On Apophenia and Separation

Creativity is the power to connect the seemingly unconnected.
- William Plomer


Coined by Klaus Conrad in 1958, apophenia is defined as the, "unmotivated seeing of connections [accompanied by] a specific feeling of abnormal meaningfulness." With increasing cultural interconnectivity due to a blurring of national boundaries and constant economic flow worldwide, apophenia becomes a more common occurrence within members of a community, especially in places where that culture is displayed with great luster and frequency.
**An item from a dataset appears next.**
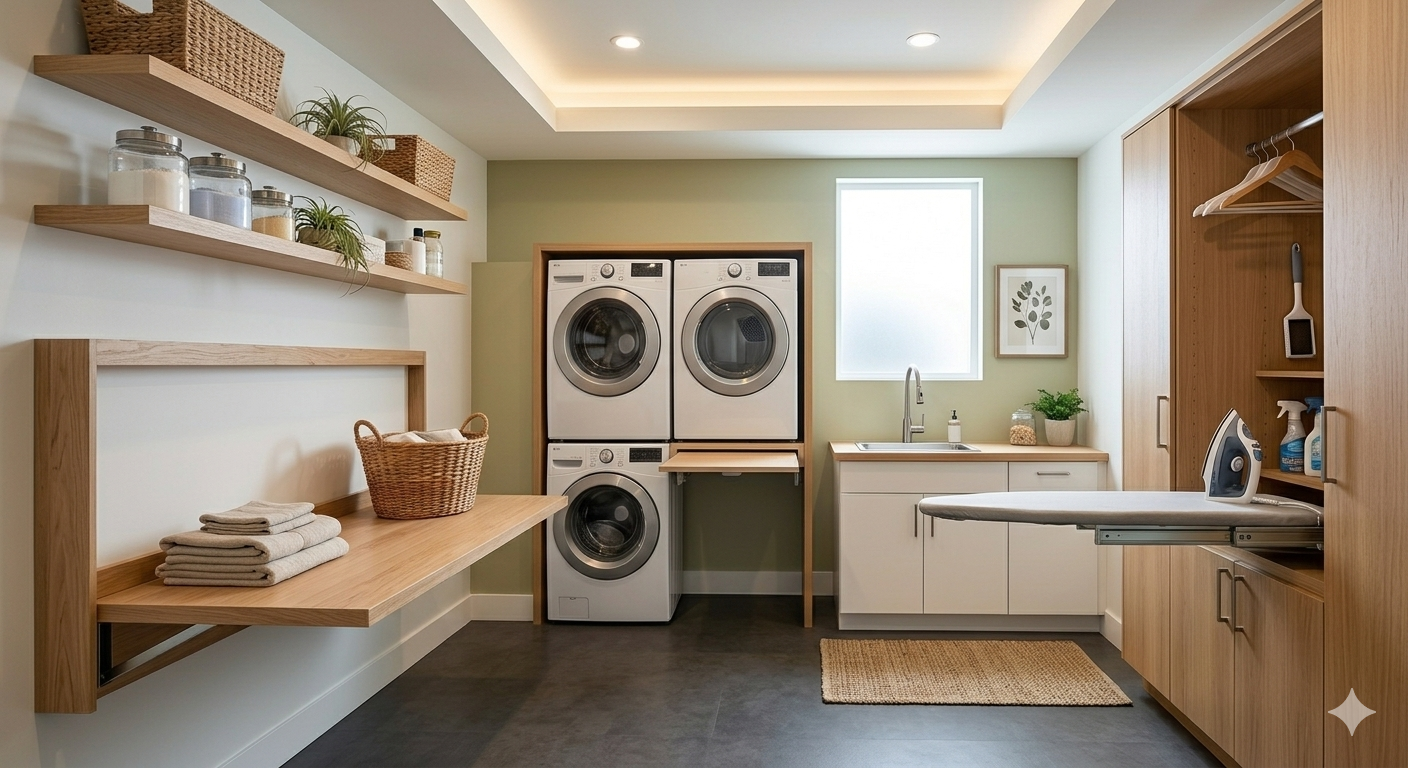 Modern bright room with vinyl flooring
The result? From a cultural studies standpoint, the result is an increasing sense of meaninglessness due to erroneous connections. Erroneous connections such as this:





"I kissed a girl and I like it" is here the song that the Pied Piper plays where little kids come to learn. Whether this is wrong or right, worth teaching kids or not, is not the issue that the conjoining of Katy Perry's lusty style with Elmo's fuzzy teachings yields. What it does do is raise the bar in thinking about how collective community consciousness is affected by putting together two different cultural messages into one outlet. Apophenia occurs here by fusing the budding sexuality of adolescence with the benevolence of learning the ABCs. What kind of a person is this directed to? Have adolescents forgotten their ABCs, or are babies now "experimenting?"

The interconnectedness of thought that cyberspace and the digital age have brought upon humankind is both a prosperous component to our intellectual advancement, but nonetheless poses problems that have yet to be solved. When is the abyss of creativity, that boundless realm where connections are made between the seemingly unconnected, abandoned for pragmatism? In short, when does one autonomize, and feel that own connections and own thought should take precedence over the collective melting pot of something like a cyber community?

By developing skills to turn apophenia into actualized items of commercial use, man arrives in the conversation with his new digital world. This includes business plan development, marketing strategy, and product design. Without having a working knowledge of how to turn apophenic experience into something tangible, man will become exhausted by his tailspin, lose his will, and with that his effort, his thought, and his happiness. How unique is it in the history of work that the same object used for entertainment and pleasure is also a tool for finding work? How contradictory is it that the same place where one goes to find the most whacky videos, music and images, is also where he finds his purpose?